NOTES TO FINANCIAL STATEMENTS
During the three months ended September 30, 2012, the Company acquired 24Tech for 1,000,000 shares of VRDT stock, with acquisition value set at $200,000.
NOTE 14. SUBSEQUENT EVENTS
On December 14, 2012, The Company entered into a Share Exchange Agreement (the “Agreement”) with Arch Hill Capital NV (“AHC”), whereby The Company will acquire all of AHC’s interest in Lithium Technology Corporation (“LTC”) in exchange for common stock in The Company. Pursuant to the Agreement, upon Closing, The Company will acquire a 56.6% interest in LTC from AHC and AHC will obtain a 26.43% ownership interest in The Company.
On December 14, 2012, The Company also received a conditional funding commitment (the “Commitment”) from a private funding source in an amount up to $4 million, which funds The Company expects shall be used to provide capital for the ongoing and near term operational needs of The Company and LTC. The Company will supplement this filing with the terms of the resulting funding agreement represented by the Commitment as soon as those terms have been formalized.
On January 28, 2013, the Company entered into an Acquisition Agreement (the “Agreement”) with Stichting Beheer Arch Hill I and Stichting Beheer Arch Hill II (collectively, “Stichting”) whereby The Company agreed to issue an aggregate of 51,600,000 shares of its restricted Common Stock, warrants to purchase an aggregate of 7,500,000 shares of Common Stock, and pay the sum of €1,000,000 in cash to Stichting in exchange for all of Stichting’s right title and interest in shares of Arch Hill Capital N.V. owned collectively by them (which shares represented all of the issued and outstanding shares of capital in Arch Hill). Prior to the transaction, the Company was a depository receipt holder of Stichting Beheer Arch Hill II. In accordance with the Agreement, Stichting will have a right to nominate 2 persons to stand for appointment or election as directors of The Company.
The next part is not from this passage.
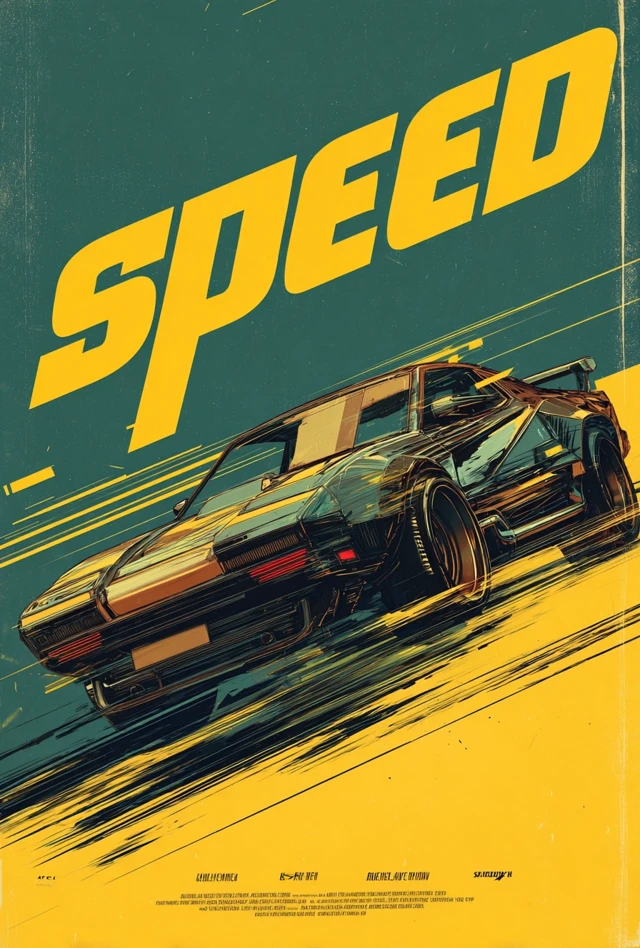 Cyberpunk Speed 80s VHS Poster Art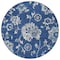 Homeroots 8' Navy Blue And Gray Round Floral Washable Indoor Outdoor Area Rug 589484 - alternate 5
In connection with the Agreement, the Company issued a total of 51,600,000 restricted shares of its Common Stock to the designees of the Sellers and agreed to issue warrants giving the holders the right to acquire, in aggregate, 7.5 million shares of the Company’s Common Stock at an exercise price of $1.20 per share or participate in contingent value that may achieved with respect upon disposition of certain of Arch Hill’s present holdings. The offer and sale of restricted Common Stock and the warrants described herein were made in reliance on exemptions from registration provided for in Section 4(2) of the Securities Act, Rule 506 of Regulation D promulgated thereunder and Regulation S promulgated under the Securities Act.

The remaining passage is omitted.